Mentre si accaniva con le labbra e la lingua sul clitoride mi penetrò la vulva con due dita. Incominciò a scoparmi facendole scorrere avanti e indietro. Mi lamentai con dei gemiti di piacere scuotendo le cosce di continuo. Compiaciuta dal mio modo di fare seguitò a succhiare il clitoride, poi tolse le dita dalla vulva e prese a toccarmi il piccolo dosso di carne che congiunge la passera all’ano.
Con il dito medio bagnato andò a solleticarmi lo sfintere accennando a entrarvi.
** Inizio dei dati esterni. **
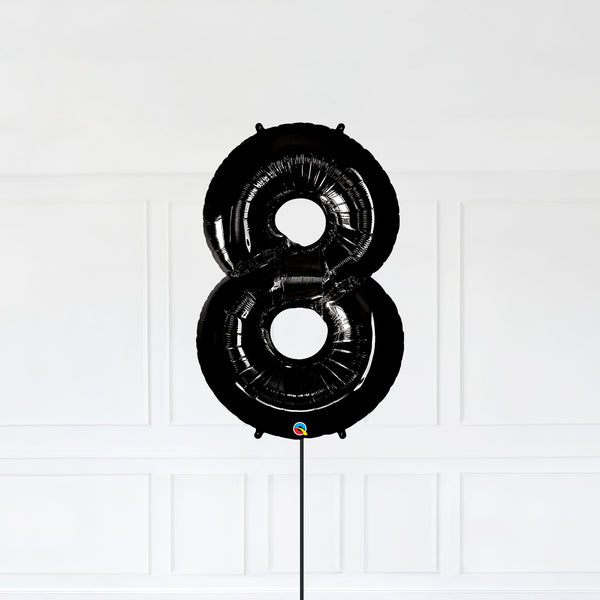 Number 8 Foil Balloon Inflated With Helium, Black Color Number Eight with Balloon String and Balloon Weight.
Inumidì di nuovo il dito di saliva e ripeté l’operazione sull’ano ammorbidendo la carne interna, poi m’infilò il dito nel culo.
Ero in affanno e stavo per raggiungere l’orgasmo. Cominciai ad ansimare sempre più forte. Lei riprese a penetrarmi con le dita nella figa fintanto che urlai scuotendo violentemente il corpo. Gli orgasmi si susseguirono a frotte, uno dopo l’altro. Stavo per perdere conoscenza nell’estasi di un ennesimo orgasmo multiplo, quando trovai la forza di gridare.
- Basta! Basta! ti prego, ti prego.
Serrai le cosce assumendo una posizione raggomitolata e rimasi a godermi gli ultimi istanti di piacere.

Con il sopraggiungere dell’estate l’anno scolastico giunse a termine. Fui promossa al quinto anno del liceo, premiata per l’impegno che avevo messo nei lunghi pomeriggi trascorsi a ripetizione dalla professoressa Franchini. L’anno seguente ottenni il diploma liceale superando a pieni voti l’esame di stato e m’iscrissi alla scuola per infermiere professionali.